───── MATERIAL FOR THIS EXERCISE

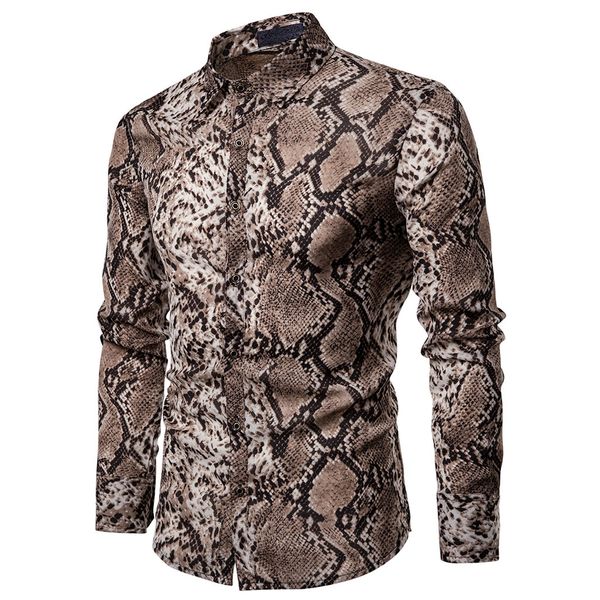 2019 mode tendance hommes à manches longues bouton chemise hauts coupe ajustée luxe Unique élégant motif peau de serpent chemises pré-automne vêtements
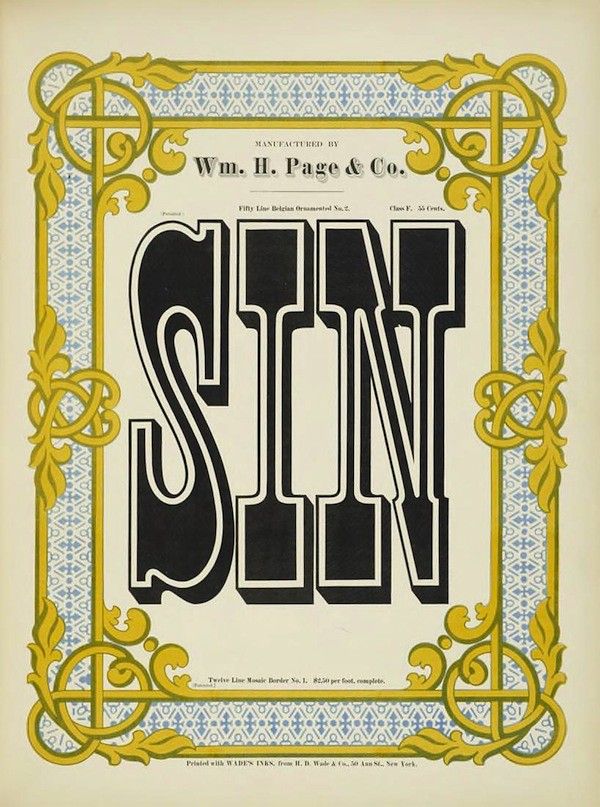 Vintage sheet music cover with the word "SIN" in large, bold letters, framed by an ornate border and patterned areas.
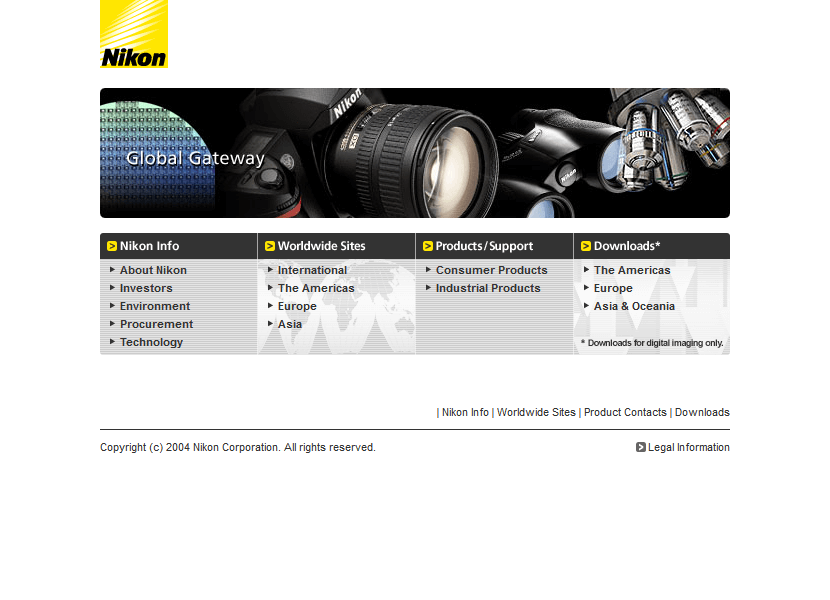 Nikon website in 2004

──────────
───── MATERIAL FOR THIS EXERCISE

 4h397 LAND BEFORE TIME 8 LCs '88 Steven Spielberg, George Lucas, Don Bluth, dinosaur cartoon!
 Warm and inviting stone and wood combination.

──────────

WORK ORDER >>
What is wanted is an exact copy of the lines above from the one containing "Vintage sheet music" through the one containing "Nikon website in 2004", with no pictures in it.

YOUR RESPONSE >>
 Vintage sheet music cover with the word "SIN" in large, bold letters, framed by an ornate border and patterned areas.
 Nikon website in 2004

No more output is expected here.